**Records supplied:**
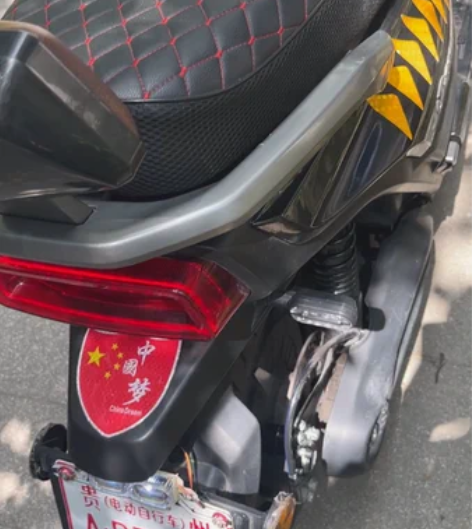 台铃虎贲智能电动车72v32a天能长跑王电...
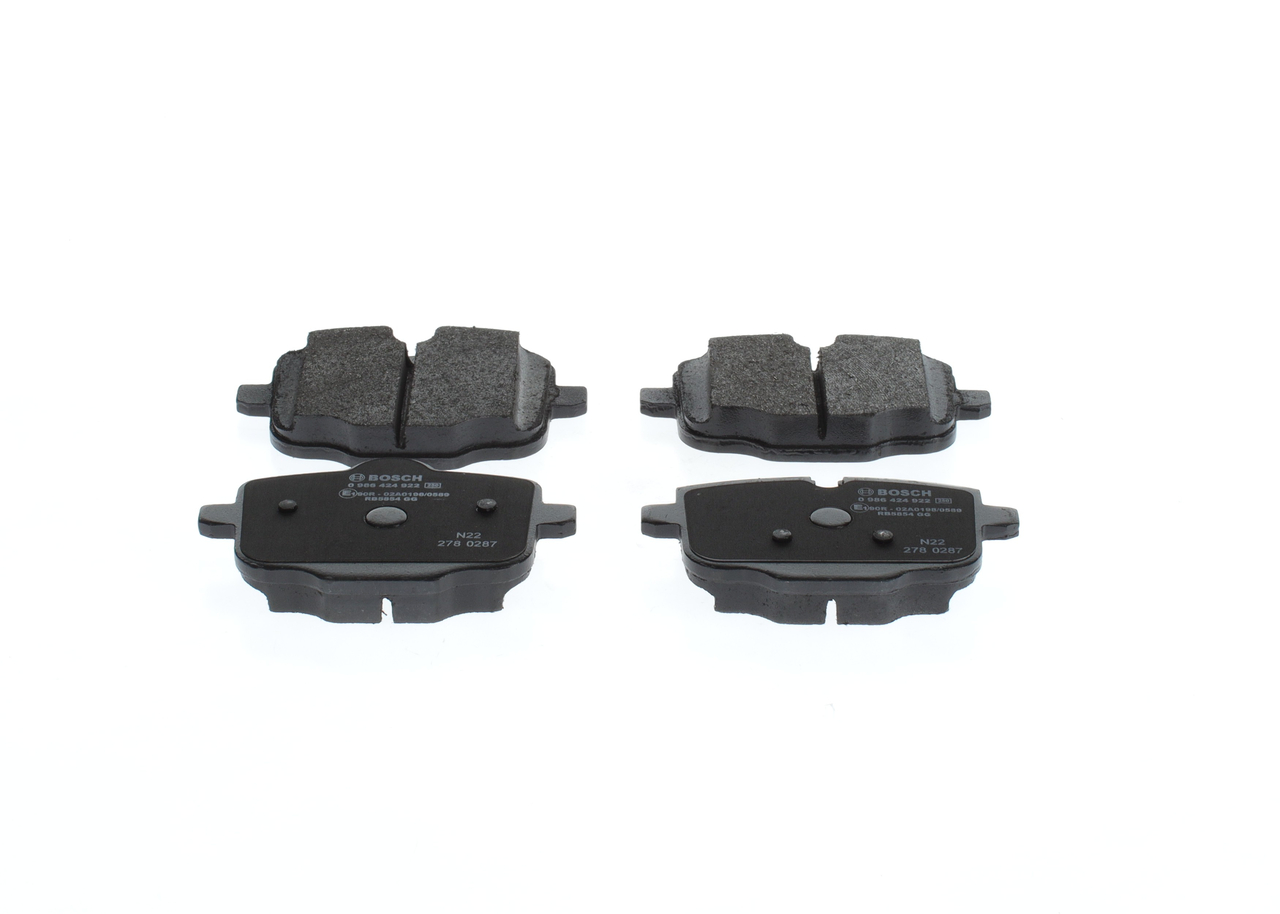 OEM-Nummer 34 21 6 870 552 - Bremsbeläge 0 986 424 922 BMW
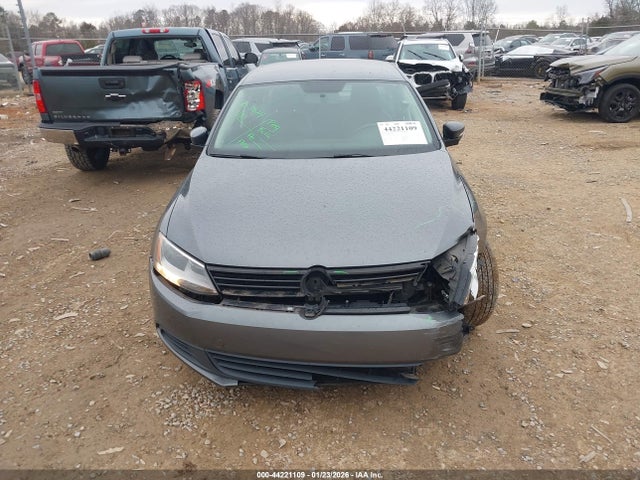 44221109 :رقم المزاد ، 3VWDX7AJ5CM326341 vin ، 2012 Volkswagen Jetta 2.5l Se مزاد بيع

--

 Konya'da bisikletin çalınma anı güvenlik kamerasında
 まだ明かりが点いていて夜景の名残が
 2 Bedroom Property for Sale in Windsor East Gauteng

**Prompt:** With the pictures omitted, copy the entries above exactly from the line containing "台铃虎贲智能电动车72v32a天能长跑王电..." through the line containing "44221109 :رقم المزاد", both lines included.

**Response to the exercise:**
 台铃虎贲智能电动车72v32a天能长跑王电...
 OEM-Nummer 34 21 6 870 552 - Bremsbeläge 0 986 424 922 BMW
 44221109 :رقم المزاد ، 3VWDX7AJ5CM326341 vin ، 2012 Volkswagen Jetta 2.5l Se مزاد بيع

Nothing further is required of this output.